The only part of the project that I was not engaged to design and detail was their new kitchen. During their travels the clients had seen a new brand of imported kitchen in a nearby showroom and fallen in love with it. So they engaged a “kitchen designer” from said showroom as part of the team.

Although my ego was a little bruised by the clients’ rejection of my abilities, I dusted myself off (as architects always do) and looked into their proposed alternative. Although ridiculously overpriced, I have to admit that it was a pretty swanky looking kitchen! Having worked with interior designers and other design-based consultants before, I wasn’t concerned by the prospect of a new team member. But I did expect that they would document and co-ordinate their part of the project to the same high standard as I had with the rest of it.

Sadly, I was wrong. Their progress was slow, documentation unclear and their service became very disjointed from the rest of the project. To the point where I had to re-document much of their design into my documentation to ensure the information was correctly conveyed to the builders on site.

Since this situation arose, I have thought some more about why? Why was their kitchen design service so different from the kitchen design service I offered to the clients? Essentially, we offer the same service – to design and document a kitchen. But the big difference is that they are not just designing and documenting a kitchen, but also selling the client the limited range of products that they represent.

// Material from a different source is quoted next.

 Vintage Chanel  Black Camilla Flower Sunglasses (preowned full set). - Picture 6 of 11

As an illustration of that: to highlight the exclusive nature of his imported European product, the kitchen designer/salesman told the clients that the material that was to be used for their benchtop was not available in Australia. In reality, it was a material I had already specified on numerous other projects. Yep, that actually happened!

As an architect, I do not sell products. I help my clients find the right products and fittings that best serve their needs, not mine. I design the kitchen based on what is right for the client’s lifestyle and budget – wherever it comes from, not with a limited palette of ideas and options.

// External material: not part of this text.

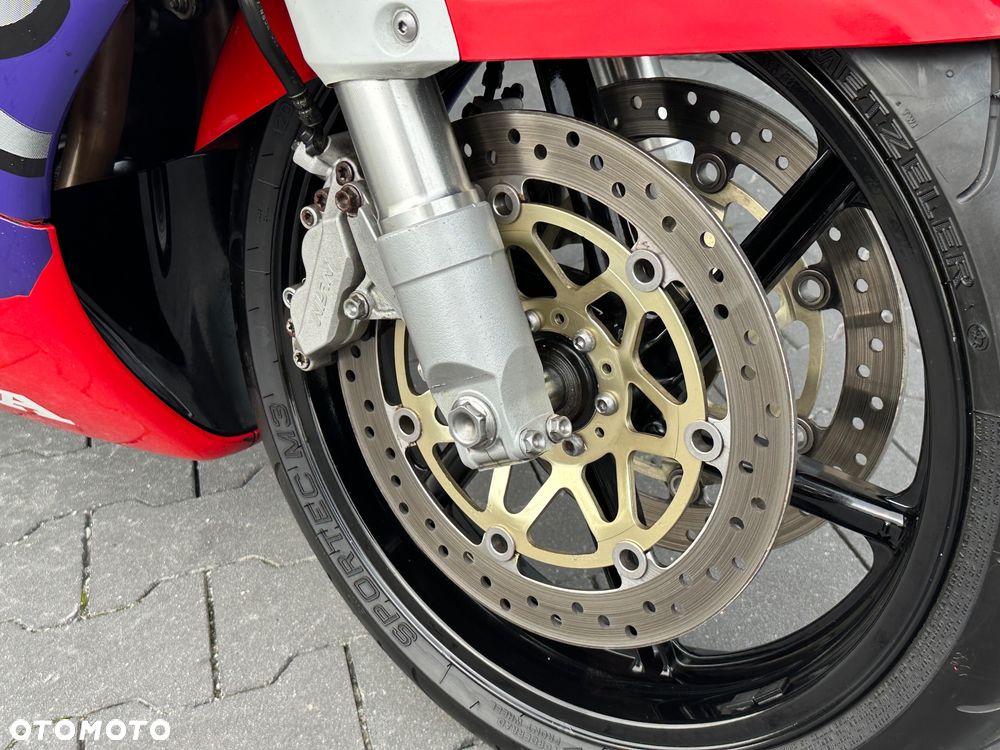Honda CBR - 18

The clients also benefit from a fully integrated design response. You see, the kitchen design also impacts on other parts of the design – the walk-in pantry, the open-plan living and dining areas, external parts of the building – window and door locations, electrical, lighting and sometimes even on the locations of other spaces like the garage and laundry.

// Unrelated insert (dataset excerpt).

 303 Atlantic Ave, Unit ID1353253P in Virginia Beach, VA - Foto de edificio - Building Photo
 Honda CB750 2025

With one person responsible for integrating all those ideas, clients are sure to gain a much more unified and fluid design response. Additionally, the client has one point of contact to co-ordinate the design and documentation and does not have to manage the liaison between multiple designers and their architect.

Now don’t get me wrong, the kitchen designer in this case did a great job of selling their design and representing their product to the client, and I hope the install all goes according to plan (subject of another post perhaps??). I do not intend here to denigrate their skills. But as I was engaged to design their new home, the clients would have achieved a more cohesive design result if I had been allowed to include the kitchen in that scope of work. They would have saved themselves time, money and the angst of controlling the separate design components. My architectural design skills are not limited to just one part of the house or one product.

The moral of this story is not that architects are better than kitchen designers. But rather, that as architects we need to help our clients and potential clients understand all the ways in which we bring real value and expertise to a whole project.